Stored dataset items:
Start of Block
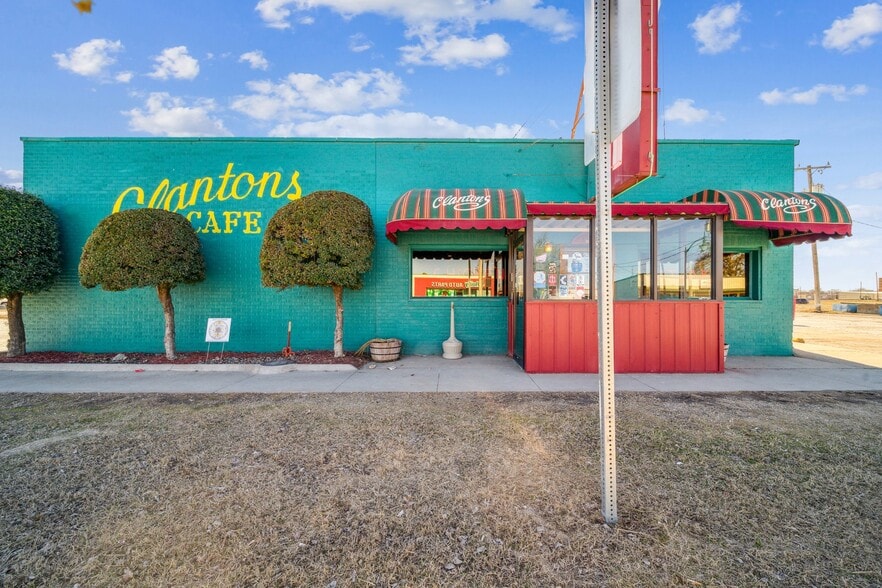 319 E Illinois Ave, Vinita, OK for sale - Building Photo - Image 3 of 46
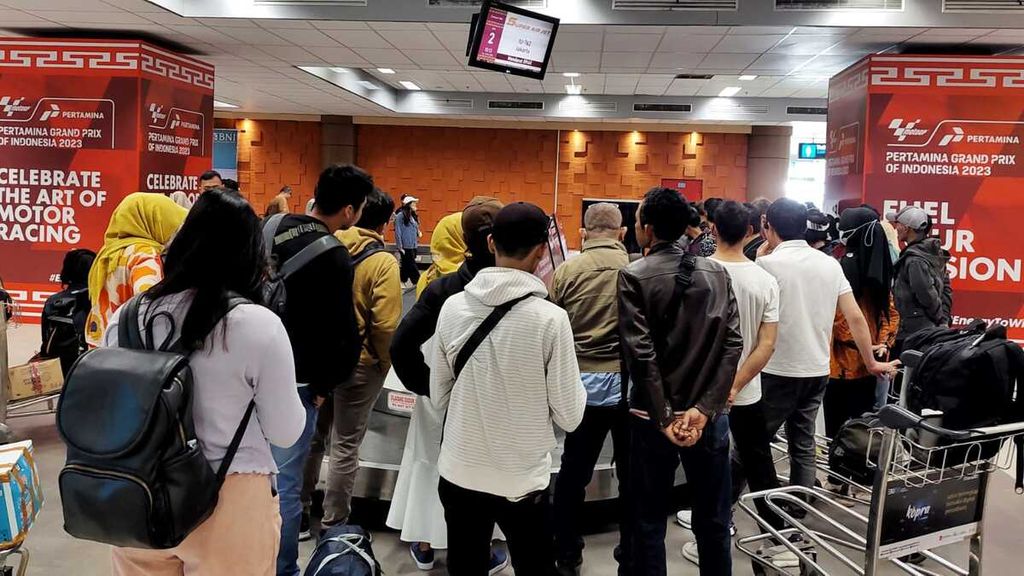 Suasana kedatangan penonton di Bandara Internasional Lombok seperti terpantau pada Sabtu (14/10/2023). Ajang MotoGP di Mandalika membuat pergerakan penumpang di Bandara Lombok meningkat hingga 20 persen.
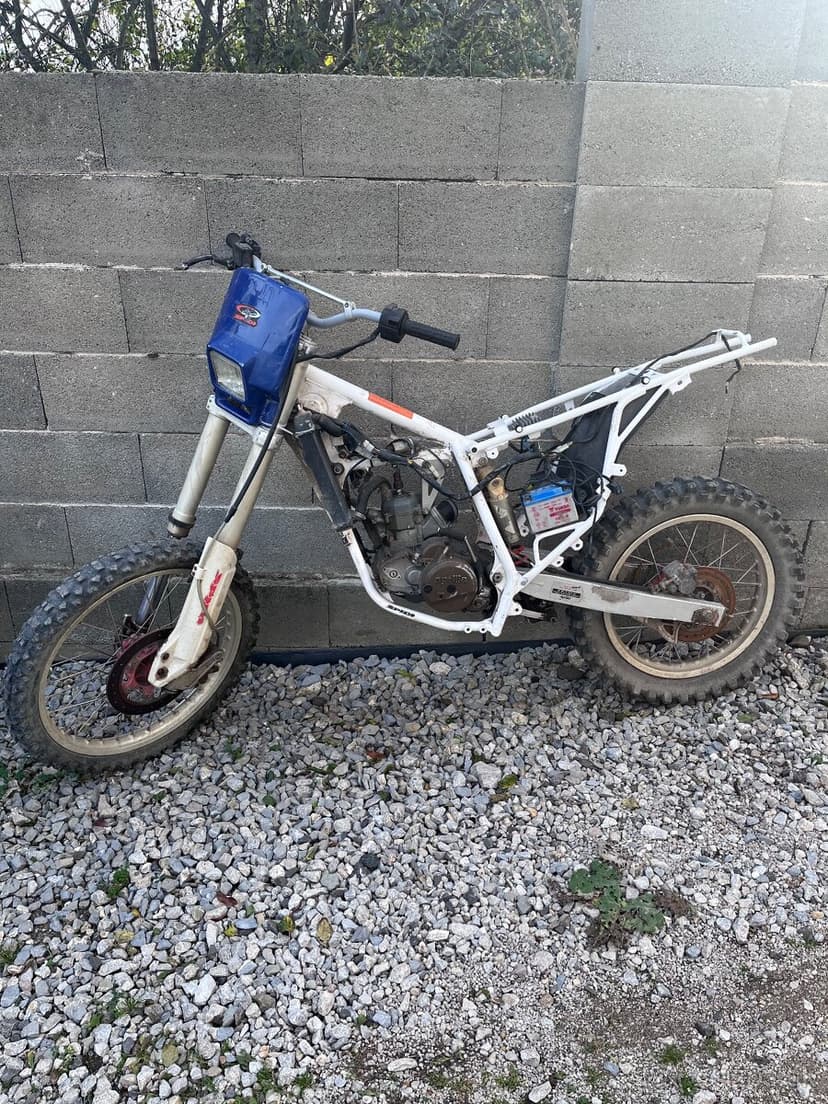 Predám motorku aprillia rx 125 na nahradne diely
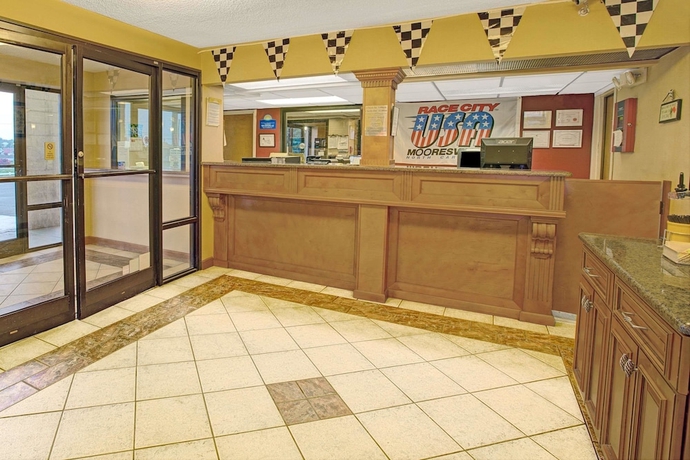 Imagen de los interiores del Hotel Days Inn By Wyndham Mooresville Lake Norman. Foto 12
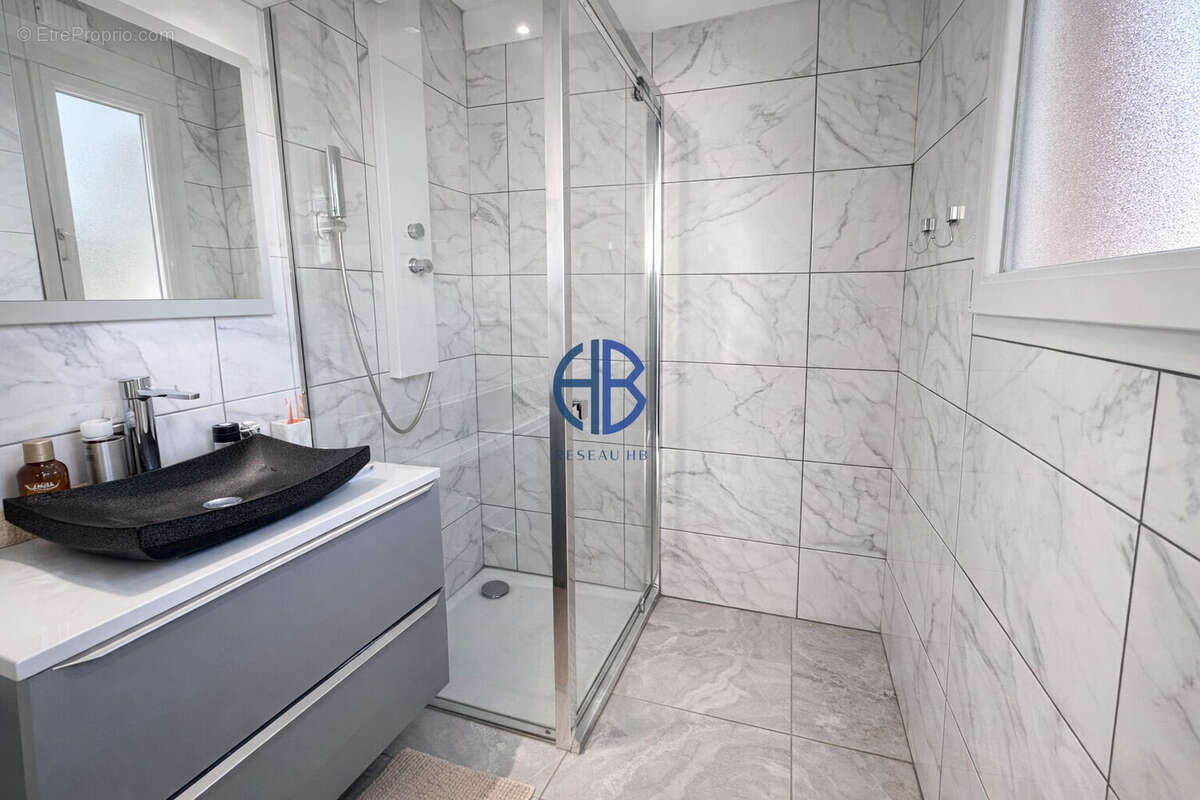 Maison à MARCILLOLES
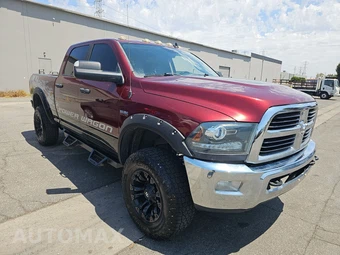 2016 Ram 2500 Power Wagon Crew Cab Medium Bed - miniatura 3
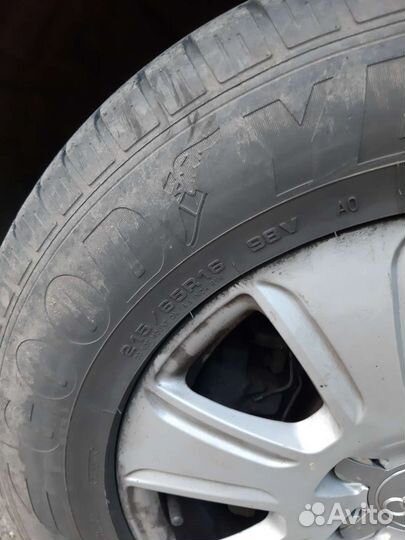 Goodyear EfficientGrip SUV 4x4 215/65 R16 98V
End of Block
Your task:
Return each line of the data, keeping its wording exact and omitting pictures.

Written solution:
 319 E Illinois Ave, Vinita, OK for sale - Building Photo - Image 3 of 46
 Suasana kedatangan penonton di Bandara Internasional Lombok seperti terpantau pada Sabtu (14/10/2023). Ajang MotoGP di Mandalika membuat pergerakan penumpang di Bandara Lombok meningkat hingga 20 persen.
 Predám motorku aprillia rx 125 na nahradne diely
 Imagen de los interiores del Hotel Days Inn By Wyndham Mooresville Lake Norman. Foto 12
 Maison à MARCILLOLES
 2016 Ram 2500 Power Wagon Crew Cab Medium Bed - miniatura 3
 Goodyear EfficientGrip SUV 4x4 215/65 R16 98V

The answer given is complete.